Cersei entendait Unella écrire derrière elle. Sa plume produisait un léger grattement. « Lancel Lannister, mon cousin. Et Osney Potaunoir. » Les deux hommes avaient avoué avoir couché avec elle, il ne lui servirait à rien de le nier. « Ses frères, également. Tous les deux. » Elle n’avait aucun moyen de savoir ce que pouvaient dire Osfryd ou Osmund. Mieux valait confesser trop de choses que pas assez. « Cela n’excuse pas mon péché, Votre Sainteté Suprême, mais j’étais seule et j’avais peur. Les dieux m’ont pris le roi Robert, mon amour et mon protecteur. J’étais seule, entourée de conspirateurs, de faux amis et de traîtres qui complotaient la mort de mes enfants. Je ne savais pas à qui me fier, aussi ai-je… ai-je employé le seul moyen dont je disposais pour lier les Potaunoir à moi.
— Par cela, vous entendez vos attributs féminins ?

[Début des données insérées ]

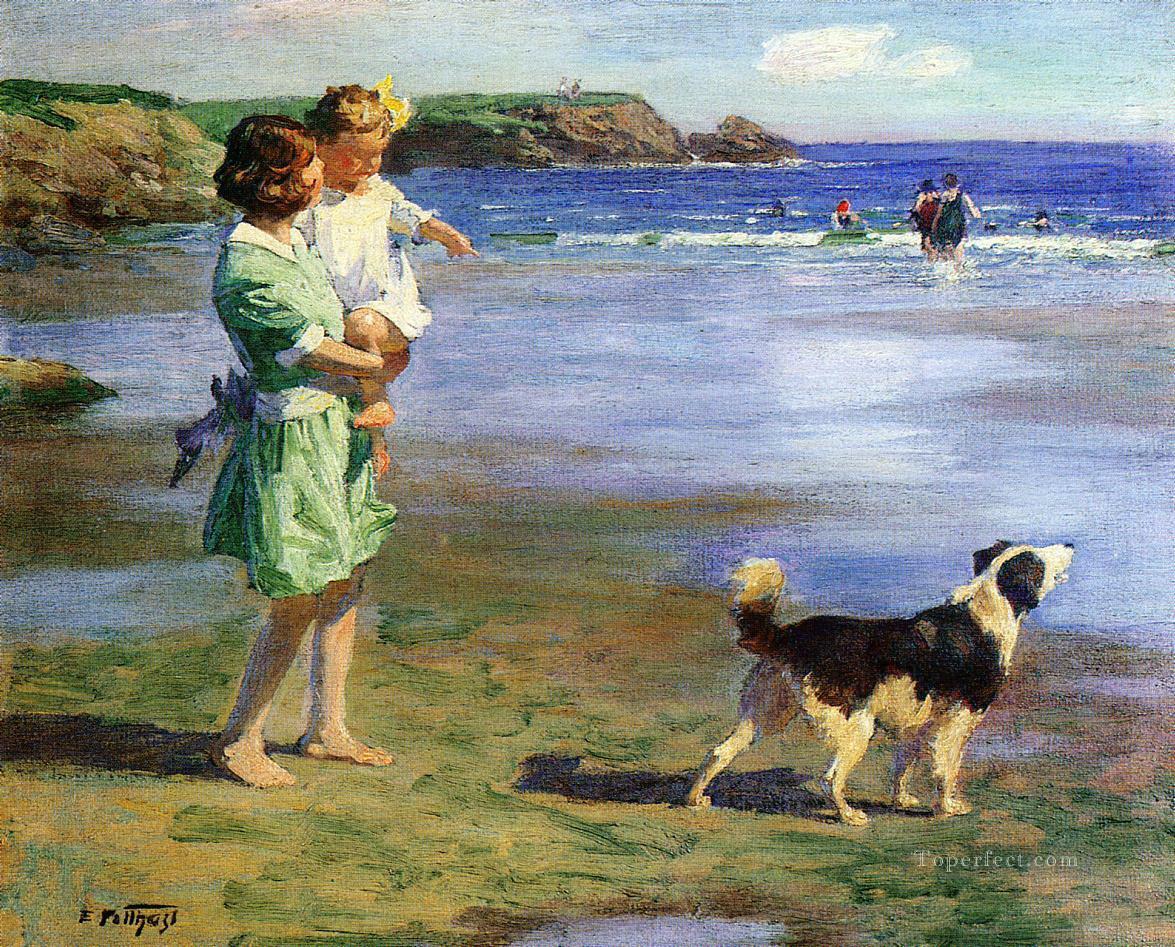 Edward Henry Potthast mother and girl with dog on seaside pet kids Oil Paintings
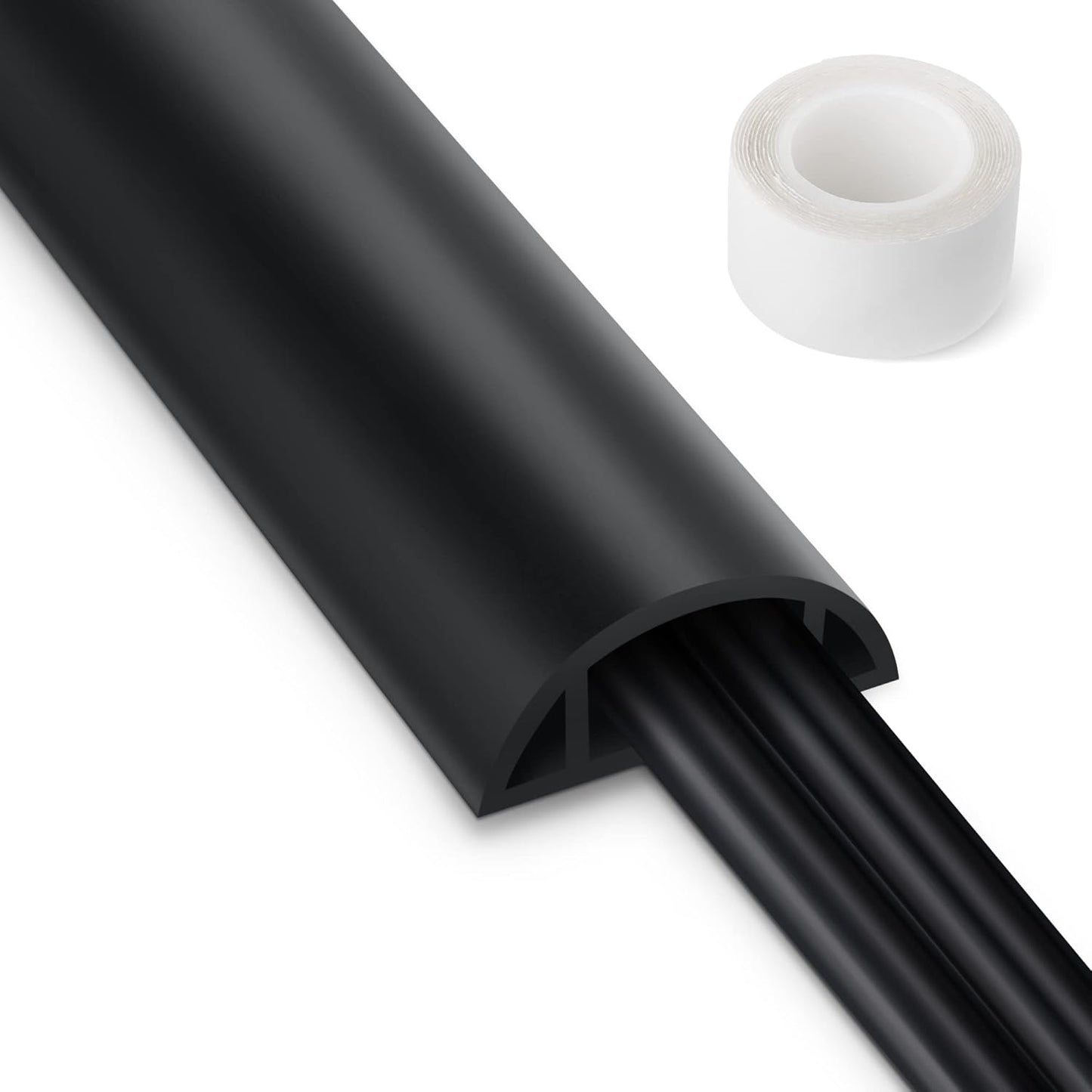 5.5FT Floor Cord Cover, Black Soft Cable Cover Floor, Large Size Extension Cord Covers for Floor, Power Cord Protector Floor Wire Cover - Cord Channel Diameter: 0.7" (W) x 0.4" (H)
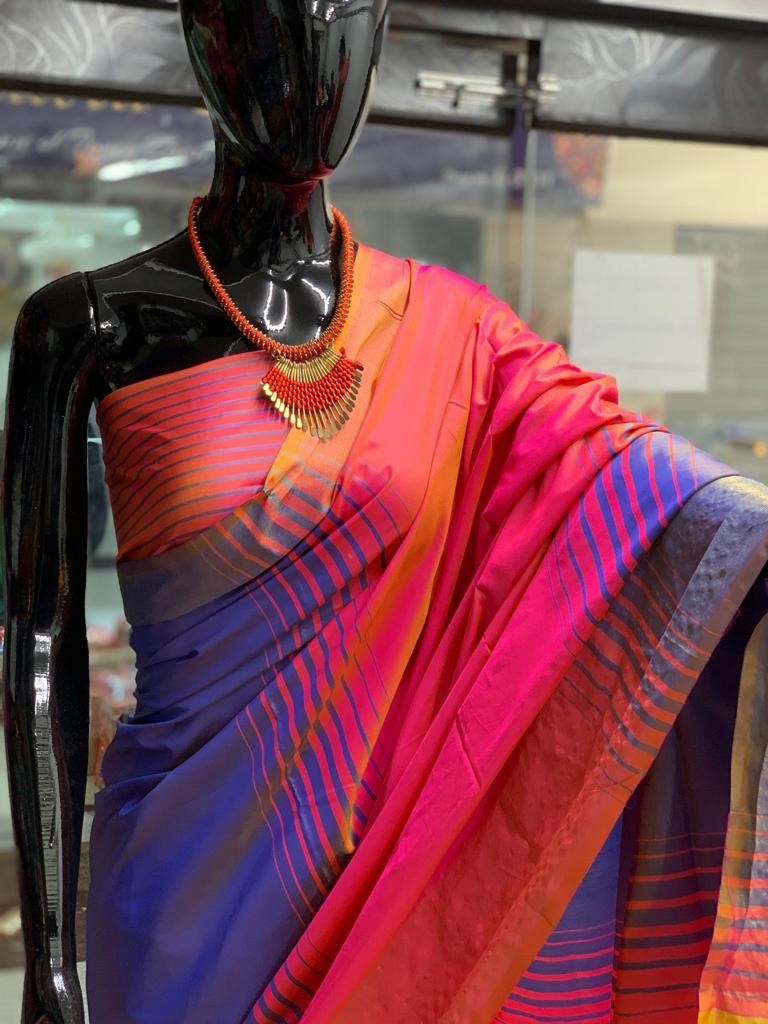 multicolor soft silk saree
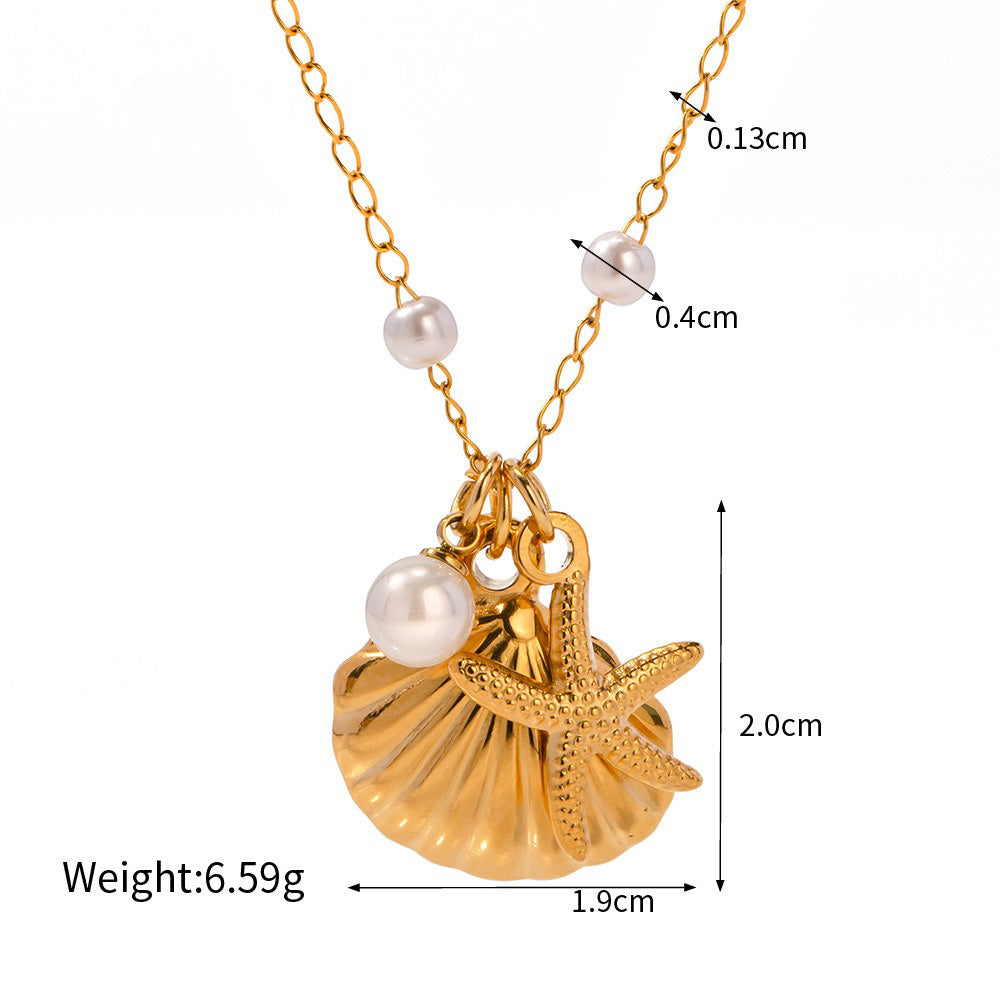 18K Gold Noble and Luxurious Shell/Fishtail/Starfish/conch/Seahorse-shaped Beach Style Necklace - NocturnalExpressions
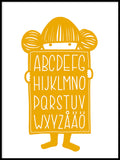 Poster: Alphabet Buddy yellow, by Anna Grundberg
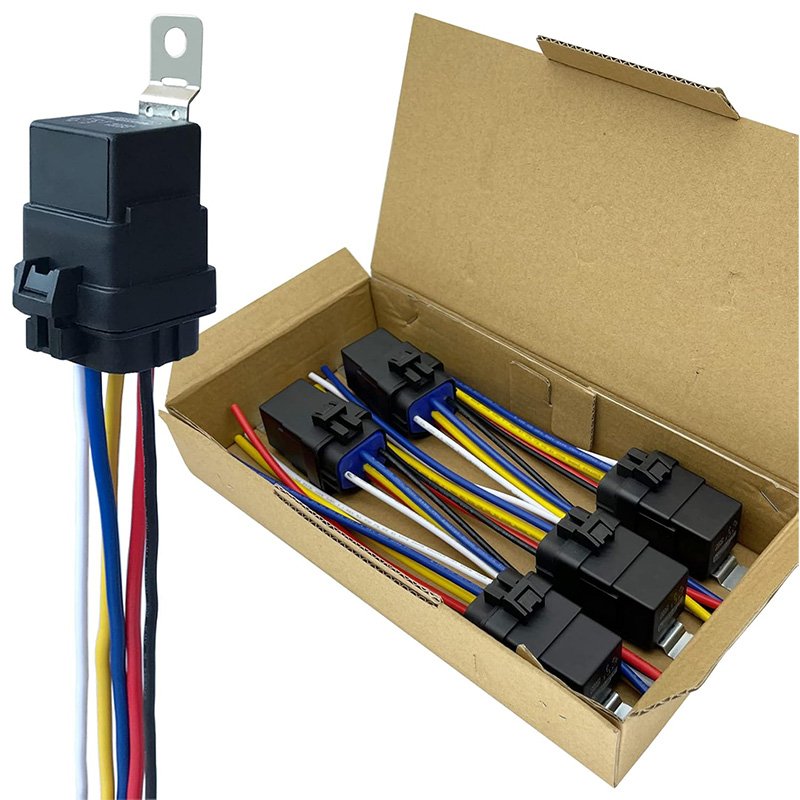 Car Relay Harness 12V 40A 4 Pin SPST 12AWG Harness Sockets with Color Labeled Wires for Automotive Truck Van Motorcycle Boat
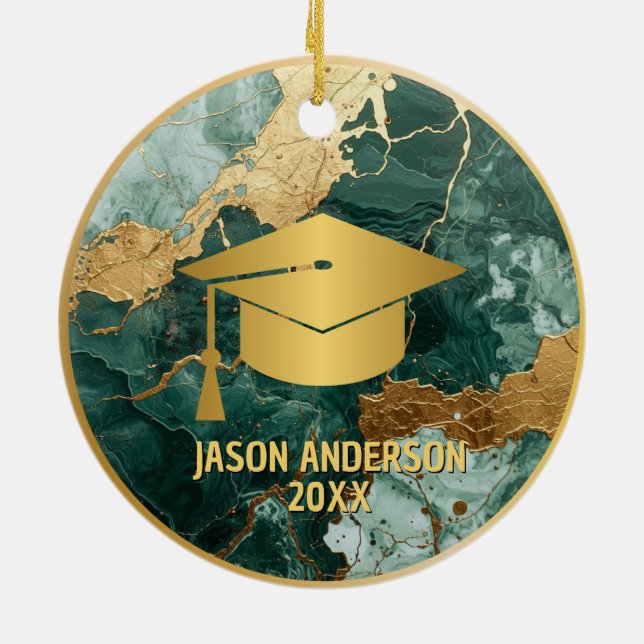 Gold and Green Custom Graduation Ornament (Back)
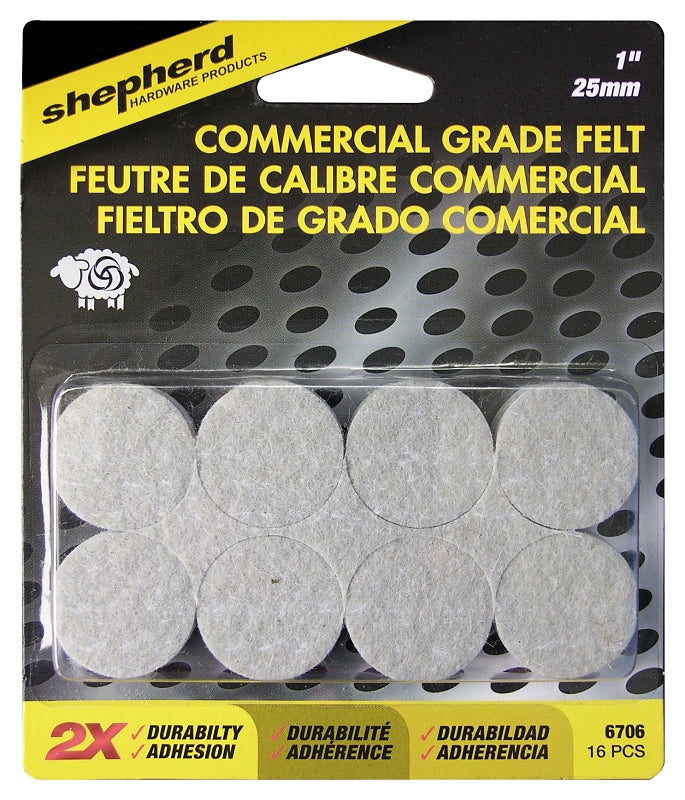 SHEPHERD Shepherd Hardware 6706 Protective Pad, Felt, Beige, 1 in Dia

— Ma chair. » Elle pressa une main contre son visage, en frémissant. Quand elle la baissa de nouveau, elle avait les yeux trempés de larmes. « Oui. Que la Pucelle me pardonne. Mais j’ai agi pour mes enfants, pour le royaume. Je n’y ai point pris de plaisir. Les Potaunoir… ce sont des hommes durs, et cruels, et ils ont usé de moi avec rudesse, mais que pouvais-je faire d’autre ? Tommen avait besoin autour de lui d’hommes auxquels je puisse me fier.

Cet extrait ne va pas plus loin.